Le flot d’images en provenance de Birmanie s’est tari depuis les manifestations de septembre. Mais loin des caméras et des appareils photos, les arrestations vont bon train et la torture se pratique au quotidien. Cri d’alarme.

© Stephan Oberreit pour Amnesty International
Vous avez certainement vu de superbes reportages sur la Birmanie, vantant cette destination de rêve, avec ses pagodes dorées, ses mille Bouddhas et ses habitants si gracieux. Quelques-uns aussi sur les médecins aux pieds nus qui vont soigner les populations karens pourchassées dans la jungle par l’armée et victimes des mines anti-personnel. Si vous entriez dans une agence de voyages, il fallait bien parler de BIRMANIE et non de MYANMAR, si vous ne vouliez pas rencontrer un regard étonné. Ensuite on vous aurait proposé d’atterrir dans la capitale, Rangoon. Mais non ! Depuis novembre 2005 la capitale a été déplacée dans un coin de jungle à 400 km et s’appelle dorénavant Naypyidaw ou « la ville royale ».

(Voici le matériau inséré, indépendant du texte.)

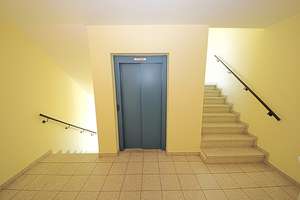 Kleines Appartement mit Aufzug, Parkett, EBK, Stellplatz  Ebendorfer Chaussee nahe Ikea – Ebendorfer Chaussee 47, 39128 Kannenstieg, Magdeburg – Vorschaubild 5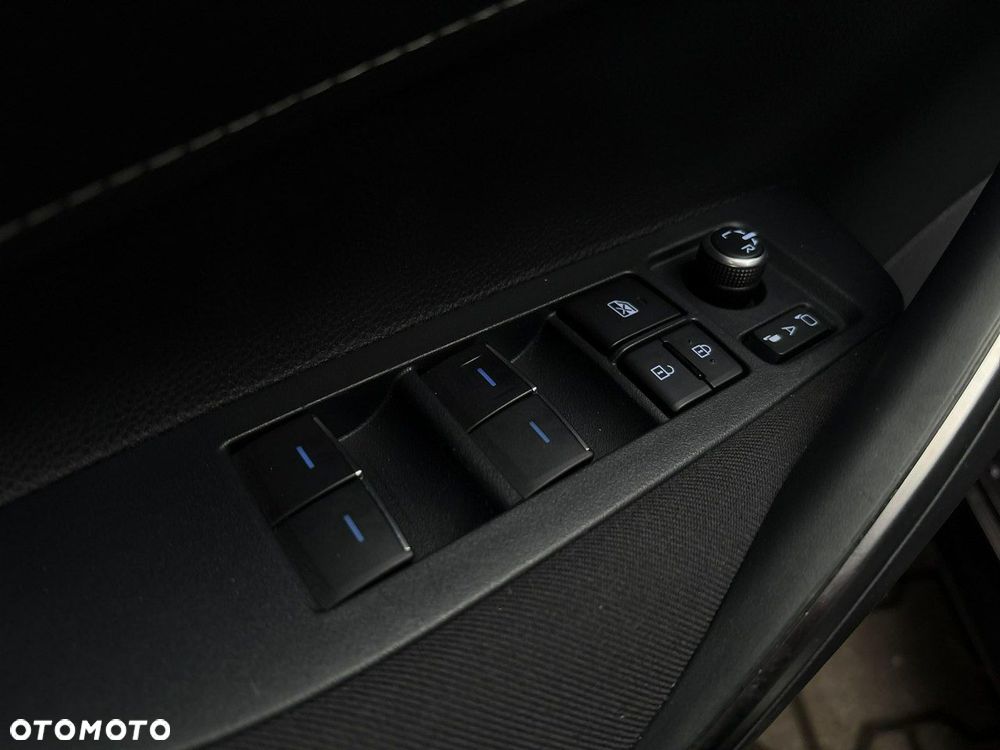 Toyota Corolla 2.0 Hybrid Comfort - 16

Fin septembre 2007, d’autres images ont fait irruption sur vos téléviseurs : les manifestations des moines bouddhistes pour soutenir la population dans ses protestations contre les difficultés économiques après l’augmentation du prix des carburants (de 300 % à 500 %). Une population qui vit déjà misérablement dans un pays par ailleurs riche : gaz, pétrole, teck sauvage et autres bois précieux, jade, rubis et saphirs.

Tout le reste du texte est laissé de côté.